La mujer avanza unos pasos.

– Quiero una blusa. Azul, porque estoy aburrido de que use negro. Médium, porque tanta teta no tiene.

La mujer, entre espasmos, extrae una blusa. Se la pasa.

– Supongo que no me la vas a cobrar después de todo lo que ha pasado. Además, qué tonto soy, a los rotos como yo no les alcanza el dinero para este tipo de prendas. Ahora arrodíllate.

Alfonso se toca el paquete. Pone su arma a la altura de su marrueco.

– ¿Cuál prefieres?

La mujer se agarra las manos y llora desconsoladamente.

– Ahora lloras, puta. ¿No eras tan valiente? Otra cosa: los clientes siempre tienen la razón. Ahora acuéstate, cara al suelo.

La mujer cumple las órdenes. Alfonso sale de la tienda y corre como nunca. El Camión lo ve y abre la puerta. Alfonso se sube, sudando.

– ¿La mataste?

– Casi.

Barracuda

Al final de la primera curva de la subida Ecuador hay una vieja casona típicamente porteña tapizada con planchas de metal oxidadas por el mar.

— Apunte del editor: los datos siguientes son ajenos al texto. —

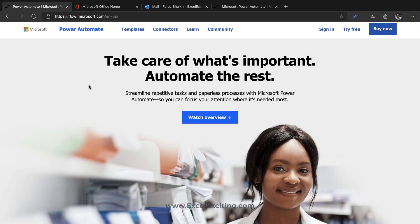As you heard, Power Automate allows you to do automation. That's absolutely right — you can handle your emails, approvals, and a lot of other amazing stuff, which we are going to see in the coming days. So let me quickly brief you about Power Automate.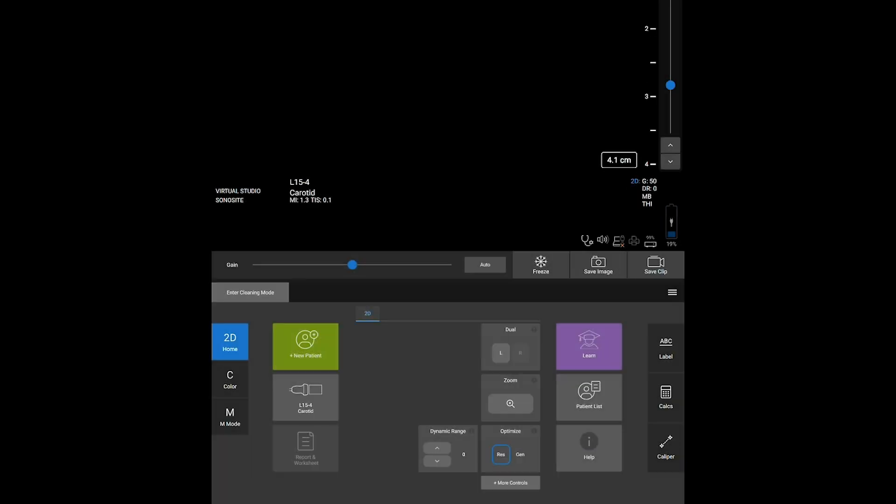You can also navigate to the Learn feature to view videos, use the patient list to view previous studies, and access onboard help in just a couple of taps.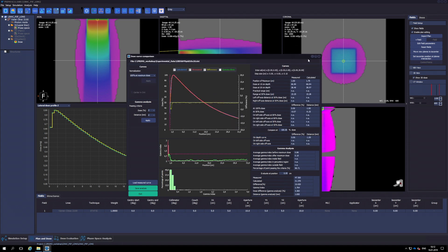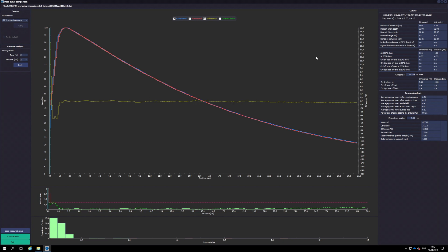The Dose Curve Comparison window shows a plot of both profiles together with a plot of the difference.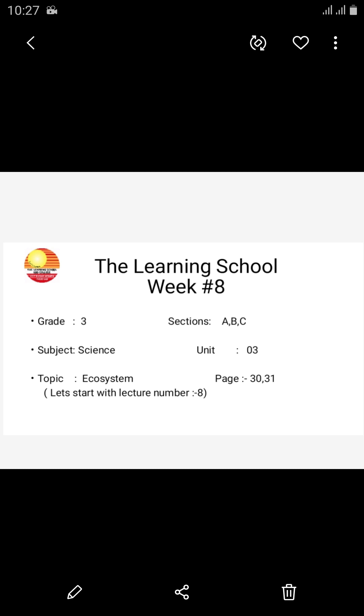The Learning School, Week 8, Grade 3, Sections ABC. Subject: Science, Unit 3. Topic: Ecosystem. Pages 30 and 31.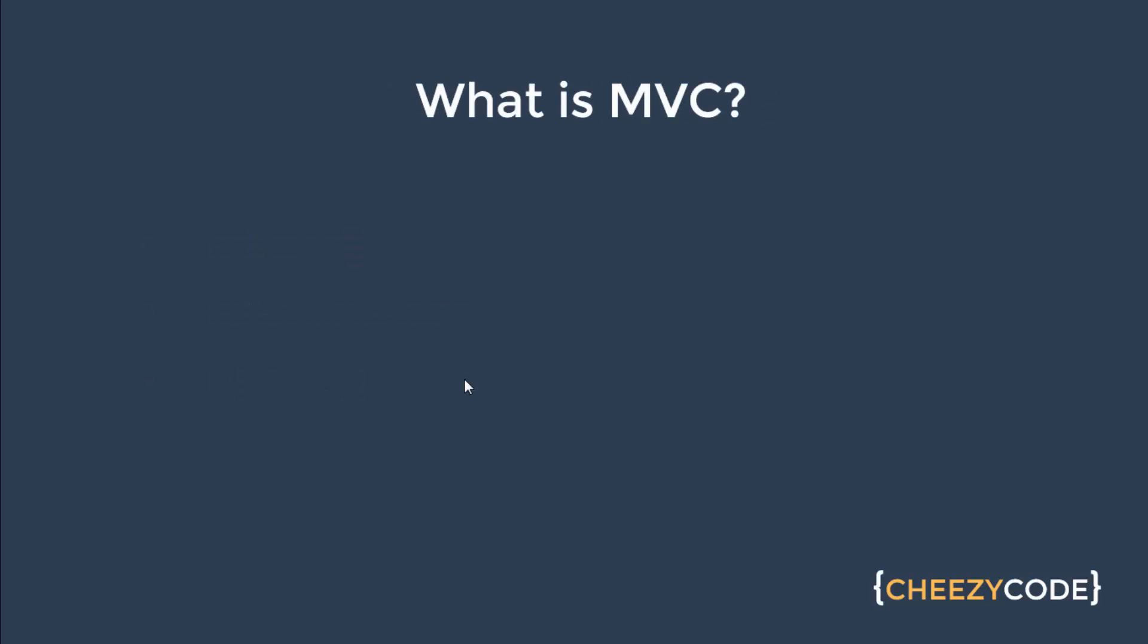So now let's understand what is MVC pattern that the Android app follows. It's very easy to remember that M is for Model, V for View, and C for Controller. But there's more to it. Let's understand what are all these.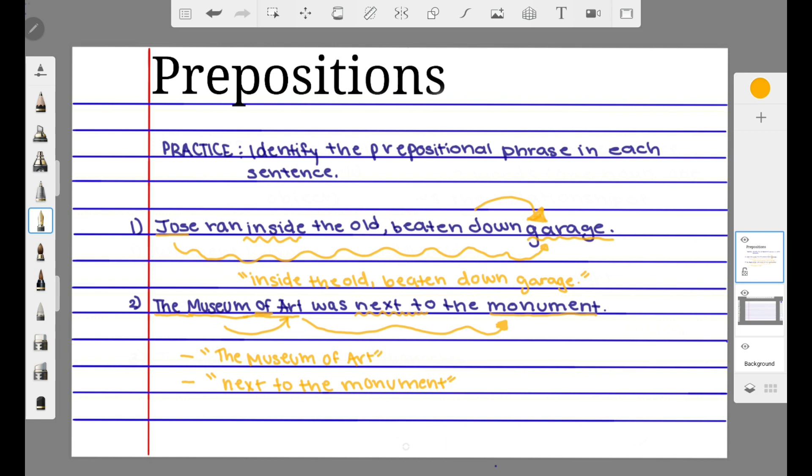Be careful, because a sentence might have more than one prepositional phrase. Congratulations! You are now an expert in prepositions. We hope this video really helped, and we'll see you guys next time. Bye!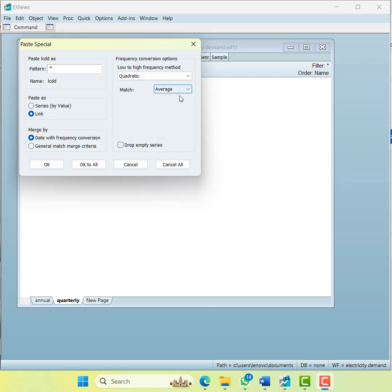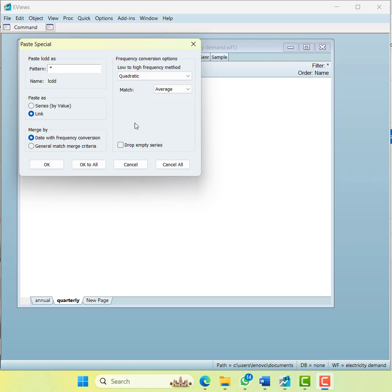Now, the next point is what type of matching you need to use. If your data is in percentage form, then you use average. Otherwise, if it's a policy variable, then use sum. Using that, when you do OK for all, it will convert the data into a quarterly data series.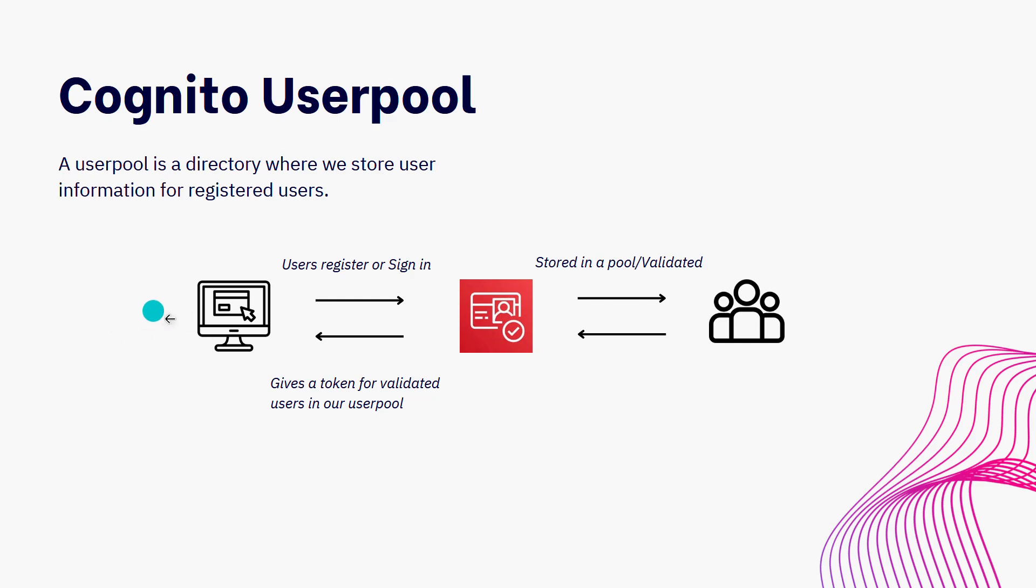All of those credentials will be sent to Amazon Cognito, which will do some validation on those credentials, and then check for whether that particular user exists in our user pool.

El letrero encima del timbre dice Barracuda, pero nada en esa fachada sirve como indicio de lo que ocurre dentro.

Para entrar al Barracuda hay que primero decir el santo y seña de la noche y después pagar la entrada en una suerte de zaguán-guardarropía iluminado de azul. El primer piso es el living de una casa, con sillones kirsch y una biblioteca. Ahí se encuentra gente conversando en forma quieta y tranquila. Si bien el Barracuda es un bar, en el comedor del fondo, que tiene vista a la bahía de Valparaíso, se puede comer quesos y otros alimentos sólidos que salen de la cocina pintada en tonos verdes y rosa.